Ci auguriamo che il Governo prenda chiaramente posizione, con la necessaria franchezza, senza alcuna indulgenza, contro la decisione della Turchia di Erdogan di ritirarsi dalla Convenzione di Istanbul, che condanna la violenza contro le donne.

Non si limiti il Governo ad una formale disapprovazione, ma, attraverso le vie diplomatiche, esprima, con tutti i crismi dell’ufficialità, il nostro sconcerto.

Lo stesso Parlamento del nostro Paese – e sarebbe l’occasione di una presa di posizione unitaria, segno di una maturità civile, che sa andare oltre ogni controversia politica – riteniamo debba esprimere la propria ferma condanna nei confronti del regime di Ankara.

Invocare, come fa Erdogan, a sostegno di tale ritrattazione, la difesa dei valori della famiglia tradizionale – evidentemente secondo la concezione cui si rifà il Governo turco, ed alla quale per prime, si oppongono le stesse organizzazioni delle donne islamiche – è un gesto di gravità inaudita ed, anzi, provocatorio nei confronti di tutti i Paesi del Consiglio d’Europa.

Varata da quest’ultimo nell’aprile 2011, la Convenzione esplica i suoi effetti giuridici, vincolanti per tutti i Paesi membri, dall’agosto 2014, dopo essere stata adottata dal numero prescritto dei Paesi membri.

Effetti giuridici  dei quali Erdogan vuole evidentemente  liberarsi.

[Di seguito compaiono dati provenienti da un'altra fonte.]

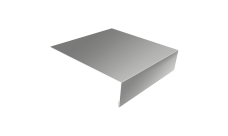 Планка околооконная простая 200х50 0,45 Drap TX RAL 7047 телегрей 4 (3м)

Osserviamo, altresì, che stiamo entrando in un momento storico di tale stretta e crescente interdipendenza tra Stati, da esigere che, nelle relazioni internazionali, venga superata la logica di una “real politic” determinata e sorretta dalla salvaguardia degli interessi legati all’interscambio commerciale, a favore di un indirizzo, che sia, al contrario, commisurato ai criteri che i diversi Paesi assumono sul piano della difesa o meno dei diritti umani.